TASK TO COMPLETE:
Copy the listing exactly, please, and keep every picture out of it.

INFORMATION PROVIDED:
((

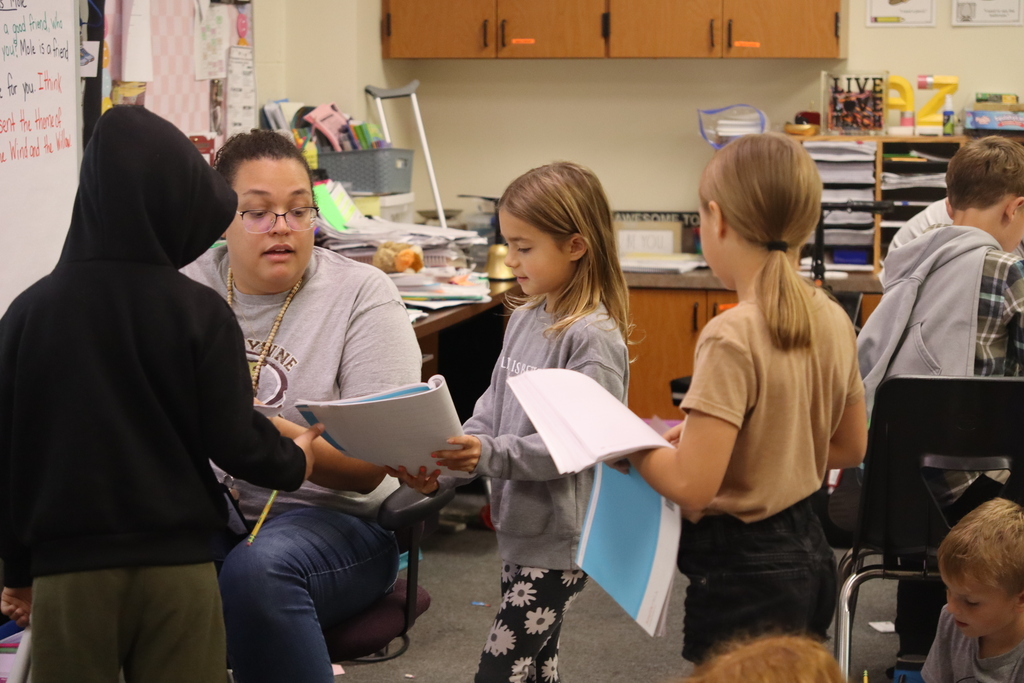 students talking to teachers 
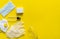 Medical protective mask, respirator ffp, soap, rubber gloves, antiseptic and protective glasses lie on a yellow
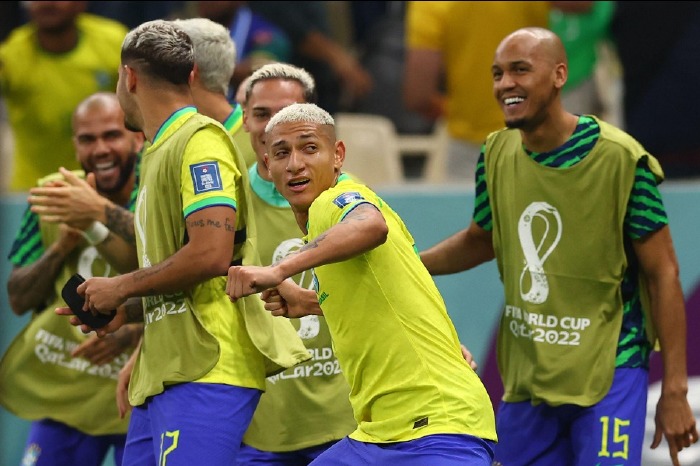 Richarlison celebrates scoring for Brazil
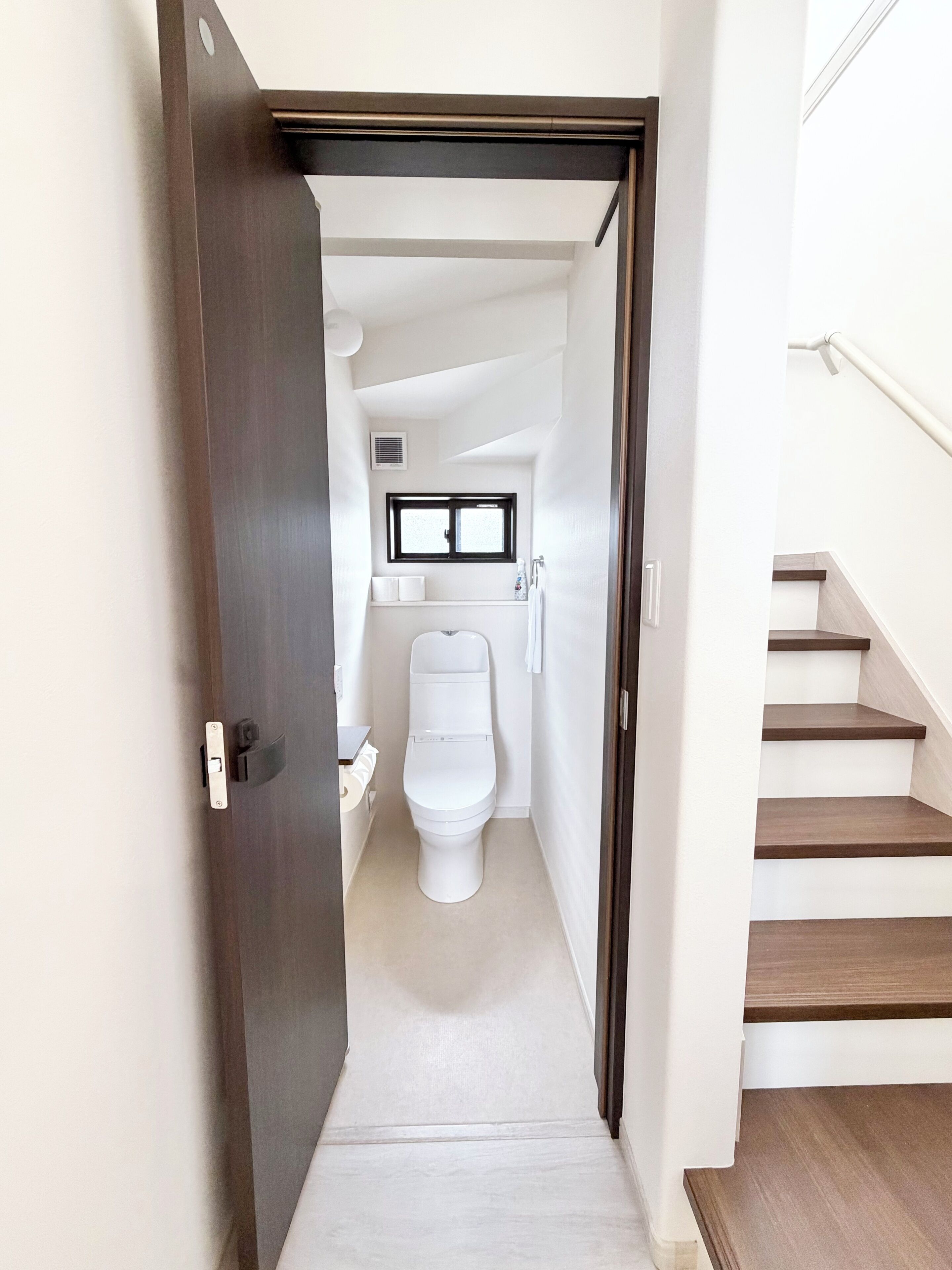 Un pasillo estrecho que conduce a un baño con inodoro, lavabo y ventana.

))

SOLUTION BELOW:
 students talking to teachers 
 Medical protective mask, respirator ffp, soap, rubber gloves, antiseptic and protective glasses lie on a yellow
 Richarlison celebrates scoring for Brazil
 Un pasillo estrecho que conduce a un baño con inodoro, lavabo y ventana.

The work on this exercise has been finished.